# Rocket's Dog's eye view of life in Northern MI



## solinvictus (Oct 23, 2008)

Wow! Rocket being 3. It doesn't seem that long since he was little. He is beautiful. Love the video.


----------



## CAROLINA MOM (May 12, 2009)

Loved the video of your handsome Rocket, what fun 

These GoPro cameras are awesome, great gift for your husband.


----------



## alphadude (Jan 15, 2010)

Great video! Go Rocket!


----------



## Belle's Mom (Jan 24, 2007)

Love the video - looks super fun!
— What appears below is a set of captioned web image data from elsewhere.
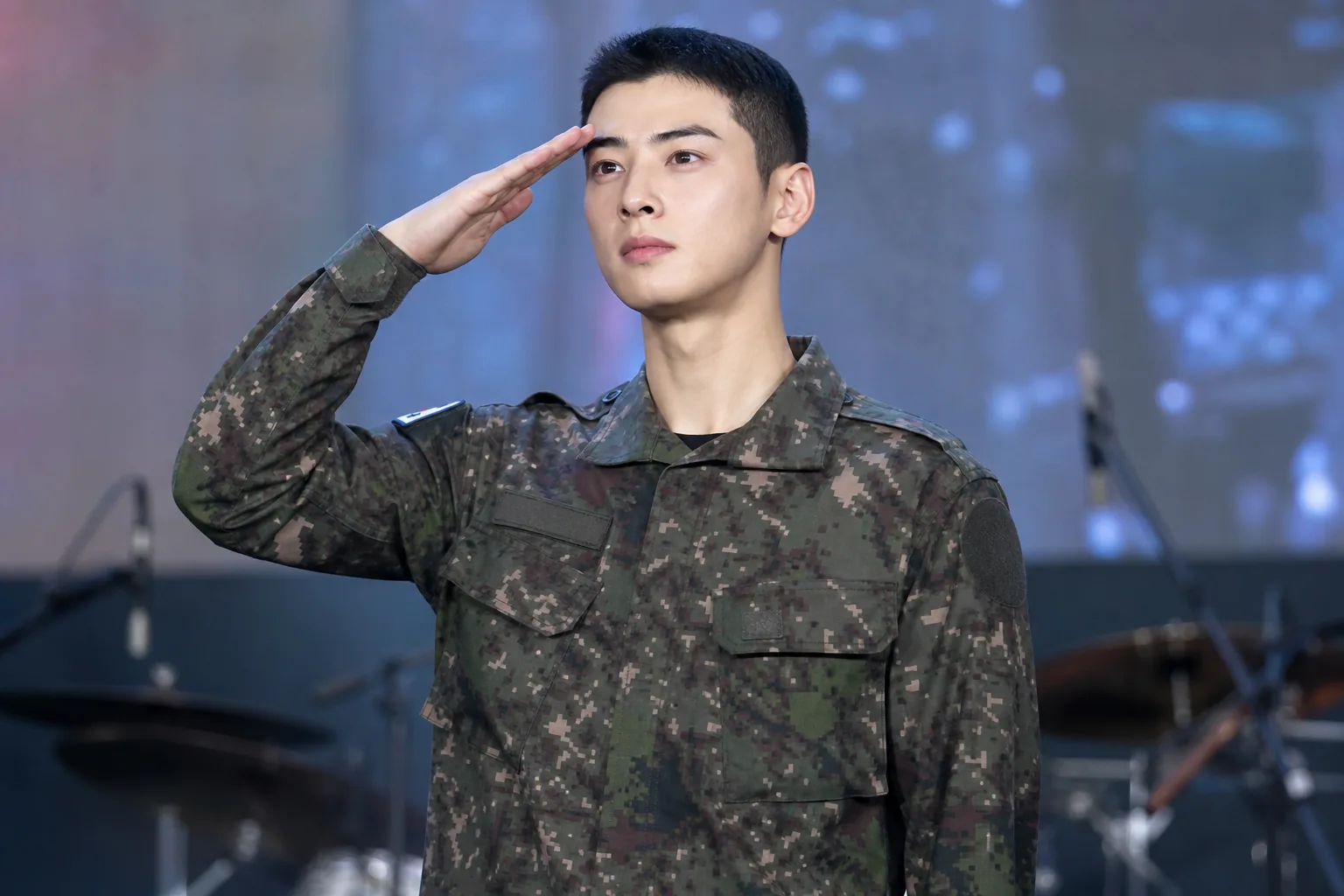 K-pop public image debate shown through media screens and audience attention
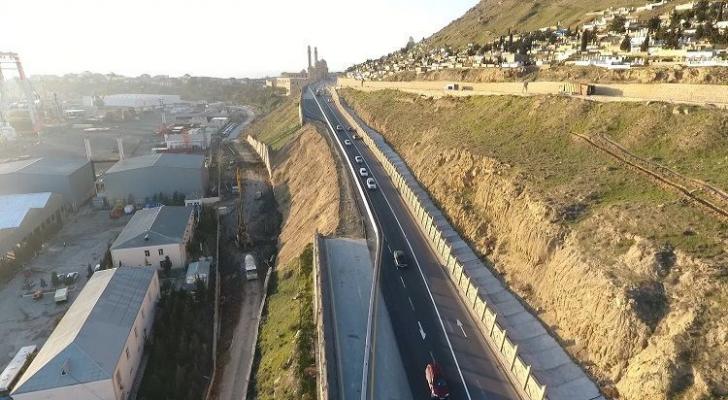 "Bibiheybət yolu"nun aşağı hissəsində 2 yerdə istinad divarı tikiləcək
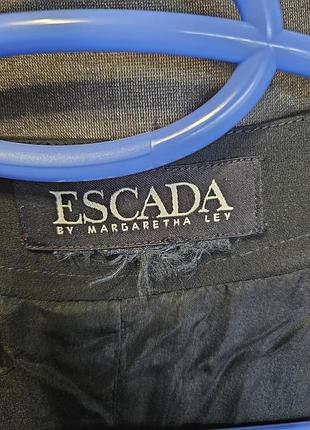 Платье  escada 2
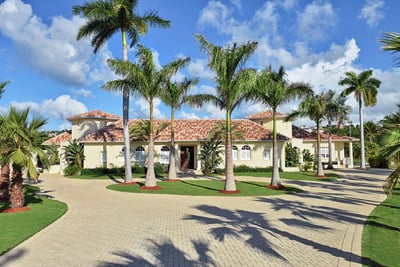 Luxury Villa Photo #9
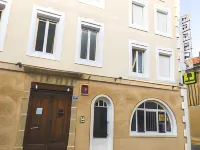 Logis Hôtel Restaurant Métropole Hotels in Mirande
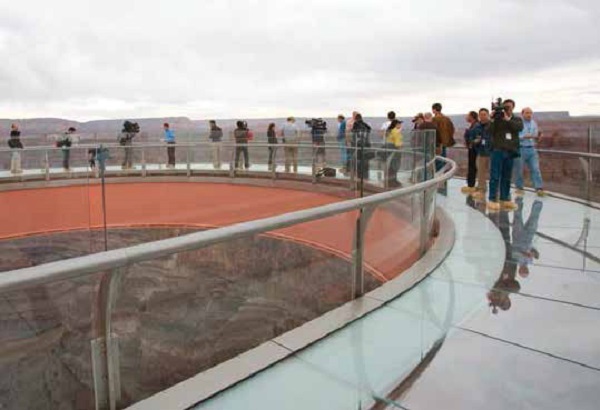 SentryGlas® Offers Safety, Security, and Bird’s Eye View on New Canyon Skywalk. Photos: © Tom Goodman, Inc.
Showed it to DH and now he is thinking we need a GoPro to mount on Belle.


----------



## Brinkleythegolden (Jun 18, 2012)

It's so great to hear from you! Rocket is such s handsome guy-he and Brinkley have exactly the same coloring! Love the Go-Pro-we might need one!


----------



## Cpc1972 (Feb 23, 2015)

That was funny.


----------



## Jud (Aug 10, 2015)

What a great video !


----------



## MyMaggieGirl (Nov 12, 2008)

That was great! I always enjoy seeing the surroundings from a dog's perspective. Looks like it was a fun time.


----------



## bhirl (Sep 23, 2015)

aww! So precious!


----------



## jawad (Nov 13, 2015)

nice rocket you have i must admit ..


----------